The Last Taxi Driver

The dark despair of driving in urban circles has been well-captured on film: think Taxi Driver and Repo Man. Lee Durkee’s novel, THE LAST TAXI DRIVER, shares with the above a perspective on American life that is both realistic and paranoid and a frantic energy that emanates from its protagonist. The potential for violence lurks on every page and erupts in assaults sadly mundane and shockingly horrific. Yet the story of Lou, a taxi driver of rapidly disintegrating mental and physical health, has moments of the sublime as he chases ideas about Shakespeare, Buddhist enlightenment, and the light-filled possibility of alien abduction.
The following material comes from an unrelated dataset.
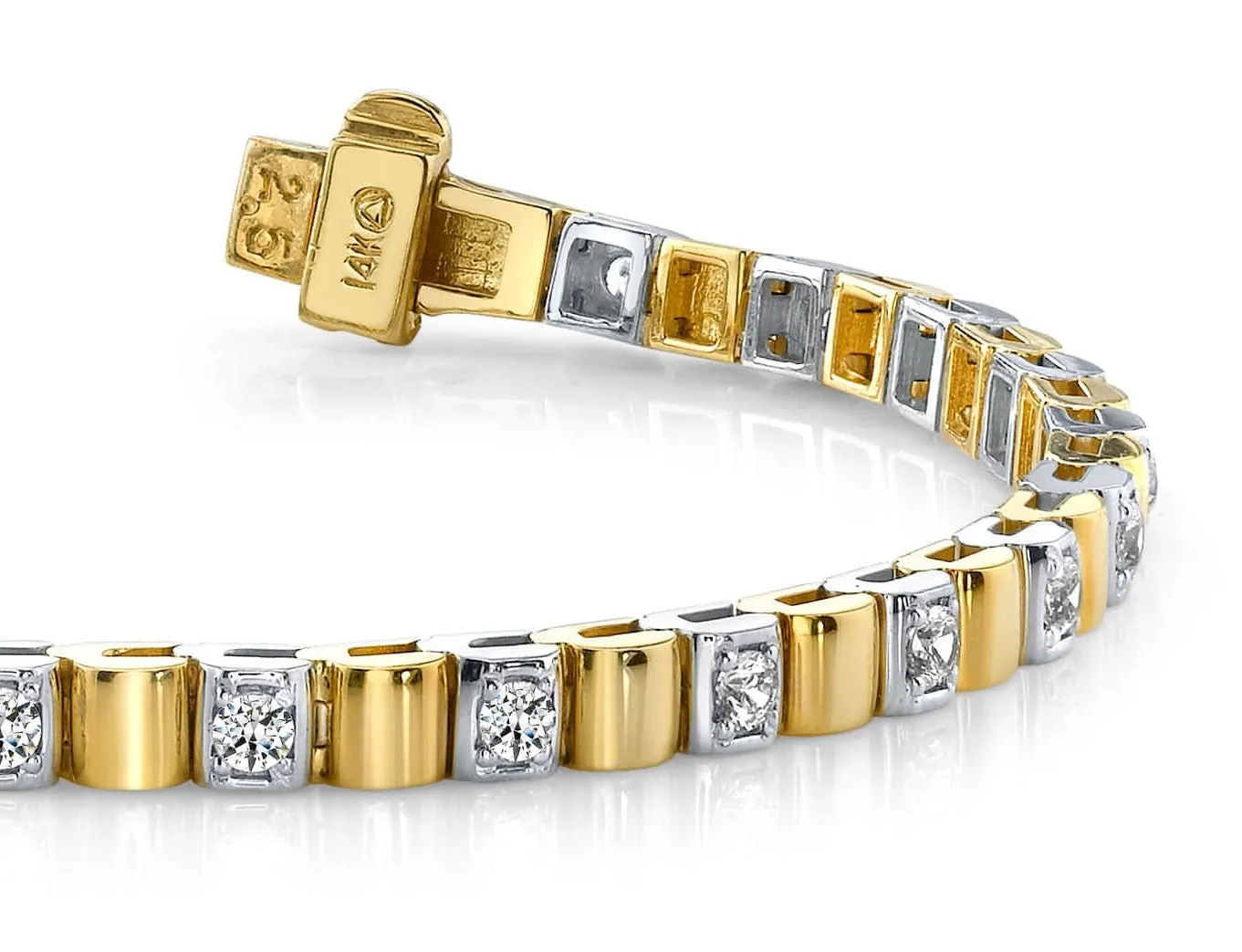 Solid Box Link Diamond Bracelet with 0.98 ct.(finished) 2.25mm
In the single day that this novel spans, Lou shuttles the elderly, the addicted, the infirm, the drunk, the strange and even the dying in a dilapidated Town Car to and from the trailer parks, seedy motels, hospitals and convenience stores of northern Mississippi. As he drives, arguing with Stella, the owner of All Saints Taxi, and Horace, the spiteful dispatcher, Lou judges the people in his car and tries to show what he believes to be fair kindnesses, contemplates his troubled past, ponders his future, takes what he hopes is an Adderall that fell on the floor of his taxi, and drinks at least five Red Bulls.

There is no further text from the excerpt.